(Alberto Pereira Jr, da Folha de S.Paulo) Lei que fixa cota de conteúdo brasileiro na TV paga entra em vigor em setembro; produtoras esperam crescimento de 50% até 2013. Canais fechados fazem investimentos, mas ainda têm dúvidas sobre especificidades da legislação aprovada
Uma semana após a publicação das últimas instruções normativas da Lei 12.485/2011, que fixa diretrizes para a TV paga no Brasil, produtoras independentes comemoram o novo marco regulatório do setor.
Para elas, o estabelecimento de cotas obrigatórias de conteúdo nacional estimulará os negócios, já que ao menos 50% da faixa reservada a obras brasileiras deverão ser preenchidos por trabalhos de empresas independentes.
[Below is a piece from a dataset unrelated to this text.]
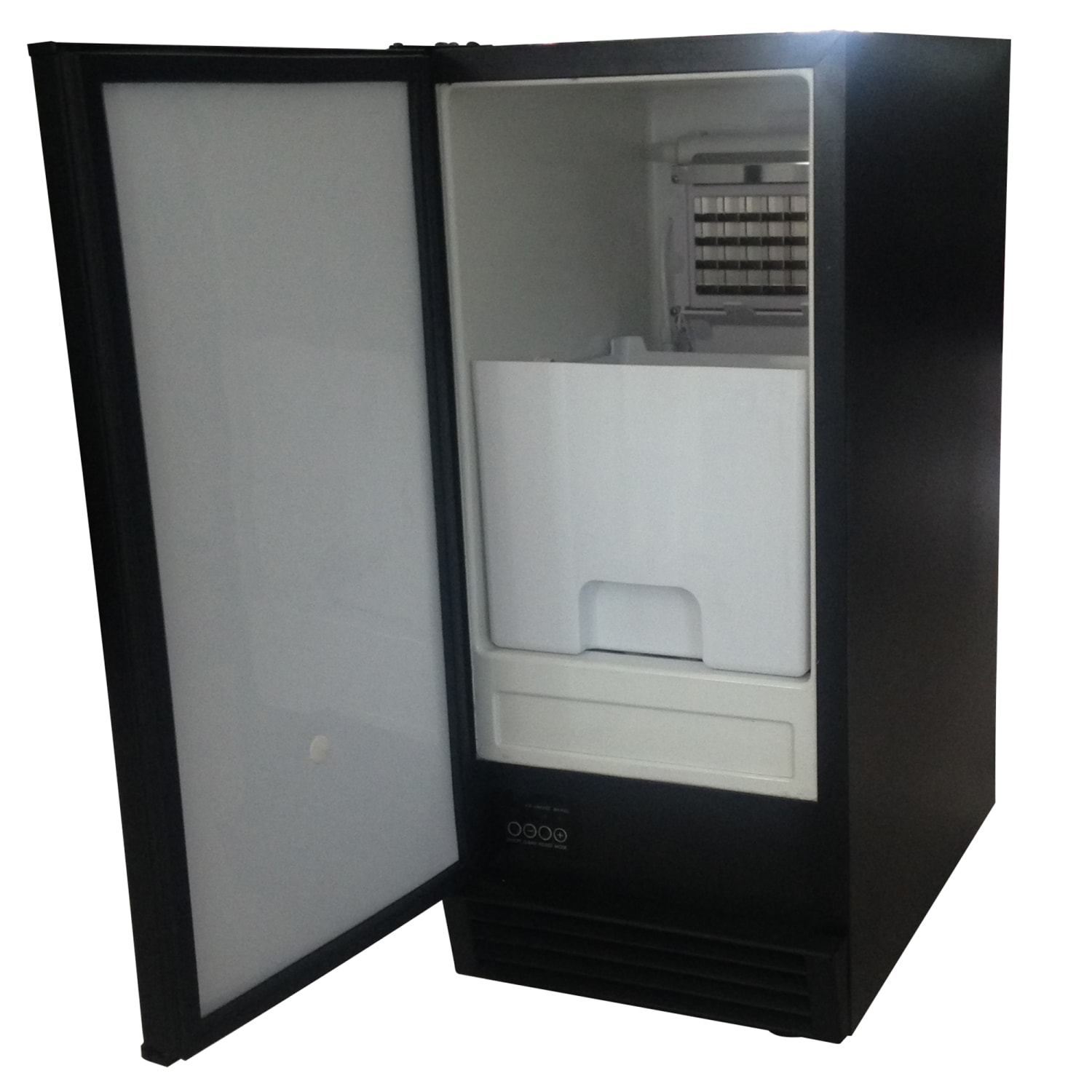 Edgecraft MAXX ICE Value Ice Maker, 50 Lb, Black - Image 4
E parecem vir da dramaturgia, setor forte nas emissoras abertas, as principais novidades que os canais fechados exibirão nos próximos meses.
A BossaNovaFilms, por exemplo, anuncia amanhã a contratação de Kátia Lund, codiretora de “Cidade de Deus” (2002), para seu núcleo de criação de roteiros de ficção, que também recebeu o reforço de Luís Villaça, ex-Globo, autor do script de “Cristina Quer Casar” (2003).
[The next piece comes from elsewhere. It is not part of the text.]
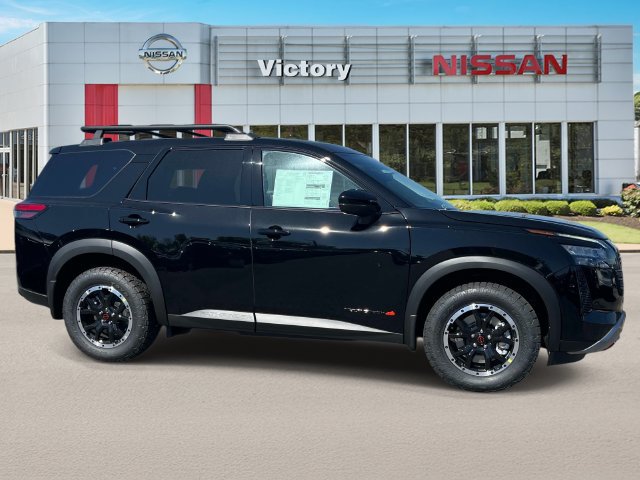 New 2026 Nissan Pathfinder Rock Creek AWD/4WD image 2
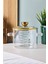 Sean Gold 1300 ml Borosilikat Cam Tencere 4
“A demanda já vinha crescendo desde o ano passado, quando a lei foi aprovada”, afirma Denise Gomes, sócia da produtora, que está envolvida em 30 projetos, incluindo duas séries de ficção: uma para o Discovery Channel, outra para o History Channel.
Pedro Buarque de Hollanda, sócio da Conspiração Filmes, viu sua empresa saltar de 19 atrações na TV paga em 2010 para 34 neste ano. Produtoras ouvidas pela reportagem da Folha esperam crescimento dos negócios na ordem de 50%.
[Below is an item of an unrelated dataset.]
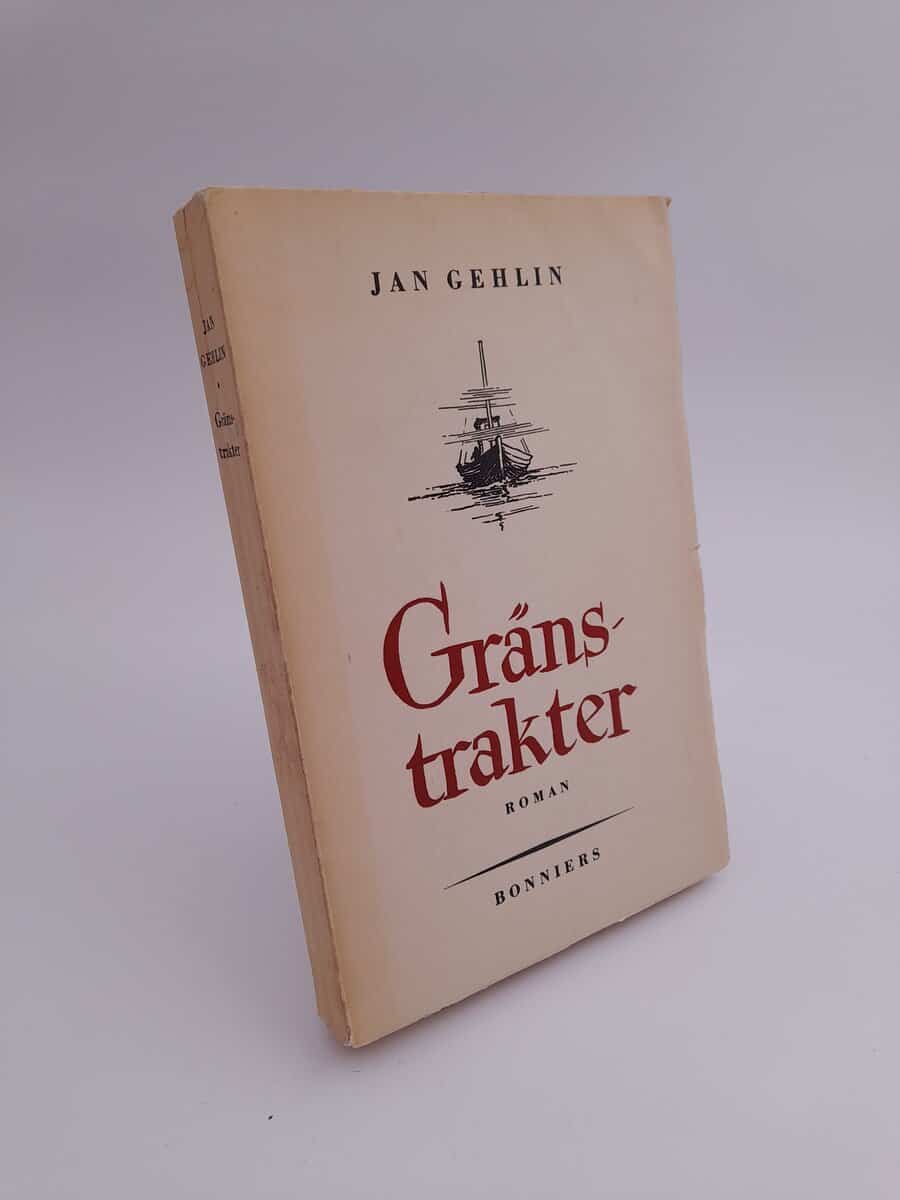 Gehlin, Jan | Gränstrakter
Se as produtoras celebram, as diretorias dos canais a cabo se mostram receosas.
“Temos de analisar profundamente todos os itens da nova lei para ter certeza de que o que vamos produzir ou já produzimos conta para as cotas. A quantidade de requisitos a serem checados com advogados e com a Ancine [Agência Nacional do Cinema] é impressionante”, diz Anthony Edward Doyle, vice-presidente regional da Turner International.
A empresa agrega mais de uma dezena de canais, alguns com foco bastante específico, como o Turner Classic Movies e o Tooncast, dedicados a filmes clássicos e a desenhos antigos, respectivamente. “São dois casos que vão demandar atenção e uma dose extra de criatividade”, observa Doyle.
ADIANTADOS
Paulo Franco, vice-presidente sênior de programação e conteúdo da Fox International Channels Brasil, afirma que a empresa já vinha trabalhando com produtoras nacionais independentes antes da sanção da lei.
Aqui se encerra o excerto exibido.